La zona más oriental corresponde a la igreja de Nossa Senhora da Conceiçao,
parroquia que preside el que pasa por ser el barrio más distinguido y
residencial de Horta.
Desde este templo, él único de la isla con la fachada
de espaldas al mar, se extiende el barrio más antiguo de la isla, barrio que
ocupa el pequeño istmo que une el interior con un saliente elevado formado por los
montes da Guia y Queimado, cosidos por una delgada cinta de playa. Estos sirven
de parapeto y hacen posible el resguardo privilegiado del que gozan barrio y
puertecito.

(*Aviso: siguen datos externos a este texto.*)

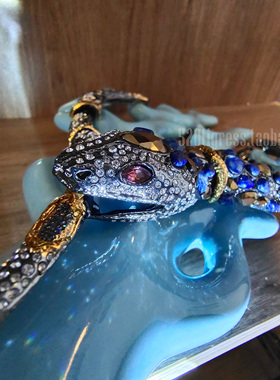 VINTAGE宫廷宝石黑蛇项链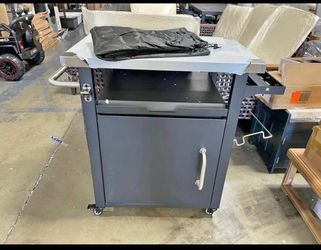 Assembled New 39.5" Outdoor Grill Cart with Storage Cabinet, Stainless Steel Top BBQ Prep Table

Parece mentira, que junto a lo favorable del terreno, la única
defensa del lugar la constituyera el Forte de Sao Sebastiao, un minúsculo
saliente de piedra basáltica volcánica que parece haber ido destiñéndose hasta
perder su negrura gracias al sol de poniente y al salitre.
Al otro lado de la ensenada, se extiende,
protegida del mar abierto, una recoleta playa, tal vez de las mejores de Azores, una esbelta franja de arena negra,
amparada por los casi noventa metros de pared del monte Queimado, y que va a
morir al final un pequeño istmo, al pie de las chimeneas de la antigua fábrica
ballenera y bajo la protección de la Senhora da Guia, imagen asociada al mar y
venerada en la capilla próxima.
Se accede a él por un portón fortificado como si
lo más valioso que proteger fuera el océano y no tierra firme, idea razonable,
por otra parte, en un pueblo que ha vivido de la caza de la ballena hasta hace
bien poco.
En este rincón, ahora desierto, asomado al murete
que nos separa del recogido muelle, uno se puede adentrar en el agua a través de una rampa de roca en la que no resulta difícil
evocar el ajetreo marinero de pequeños barcos de velas arriadas cuando todavía
la navegación se asociaba a la aventura. Se observa también, desde dentro, el
portón de Porto Pîm, con su arco de
sillares ajedrezados. Es un instante de calma chicha, sin ruido que distraiga,
con esa tranquilidad, de tan extraña casi irreal, en la que ni siquiera las
olas perturban una somnolienta modorra.